Chapitre 20 - La mort en face (2/2)

La caverne débouchait sur le flanc escarpé d'une montagne. Je sentis des cailloux glisser sous mes semelles en même temps qu'une violente douche froide battait mon visage.

Helena me lâcha la main en premier.

La Chasseuse exhala un cri que la pluie avala. Comme moi, elle opéra une brusque volte-face pour se raccrocher à la paroi, mais les pierres se délogèrent sous ses doigts. Son élan l'emporta en tonneaux implacables contre la roche pentue.

Moi-même je me jetai sur la montagne pour me raccrocher à elle, mais elle se dérobait, intraitable.

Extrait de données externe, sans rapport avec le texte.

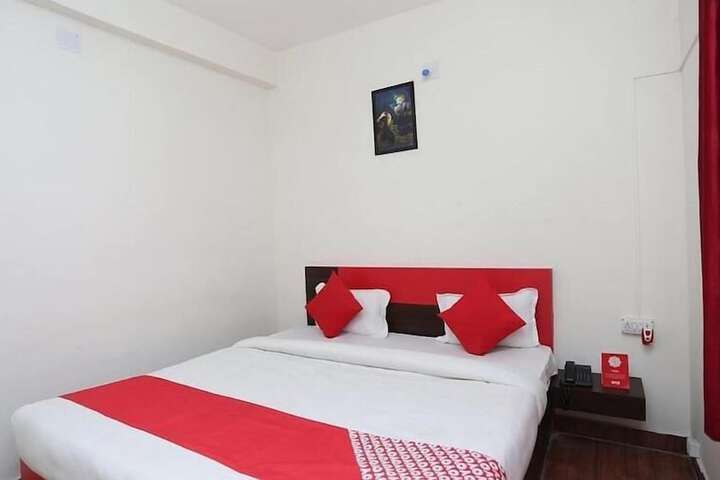 Room 6 of 14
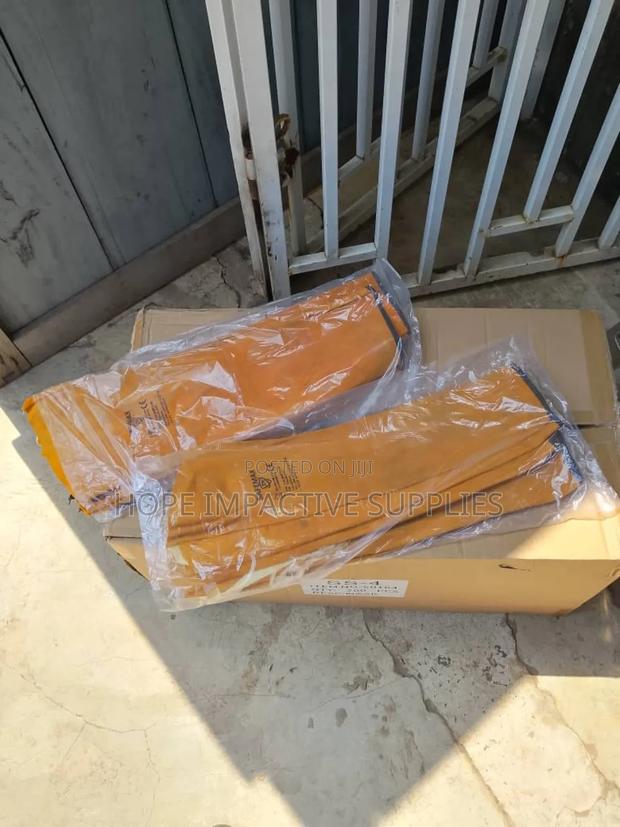 Leather Welding Sleeves (High Quality). · Photo 1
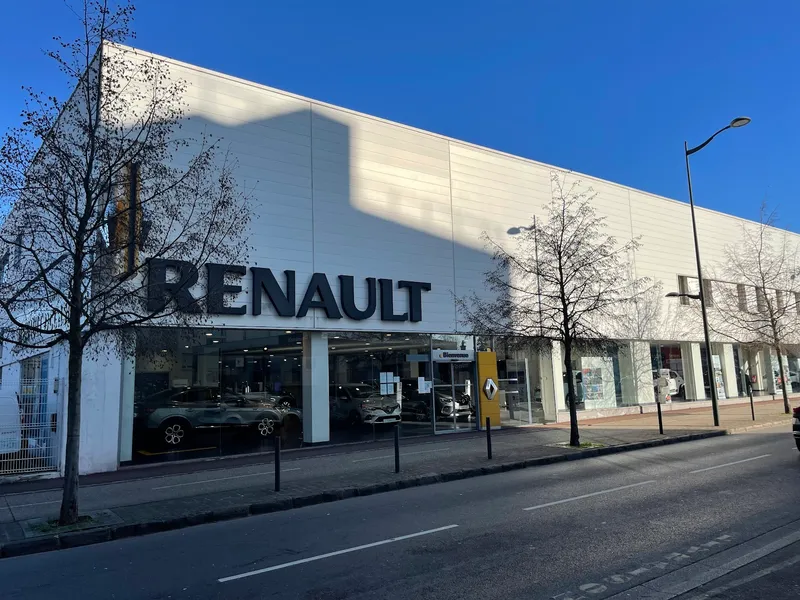 Renault Saint-Germain-en-Laye - CAR LOVERS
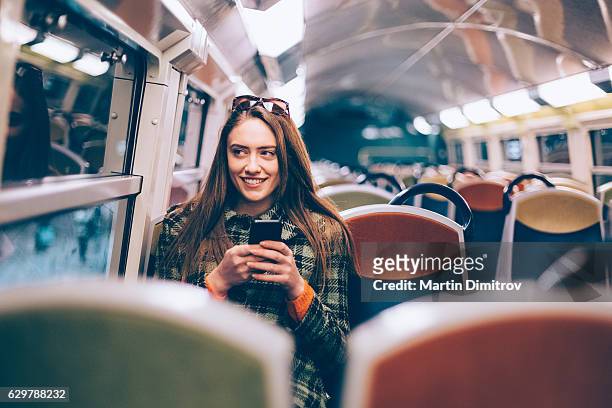 femme se rendant au travail - femme métro photos et images de collection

Je me sentais partir vers l'arrière quand un étau de fer se referma sur mon poignet.

La prise fut si forte que l'articulation claqua de façon alarmante, mais mon cerveau drogué à l'adrénaline n'enregistra aucune douleur. Je ne doutais cependant pas que mon poignet s'était démis dans ce sauvetage in extremis.

Shawn nous maintenait au bord du gouffre ; ses doigts, malgré la pluie qui ruisselait sur nous, ne cédaient pas, agrippés à la corniche. Nos corps reposaient presque à la verticale contre le versant. Mon pied sonda la paroi, trouva un maigre appui qui me permit d'alléger un peu la pression sur mon poignet blessé.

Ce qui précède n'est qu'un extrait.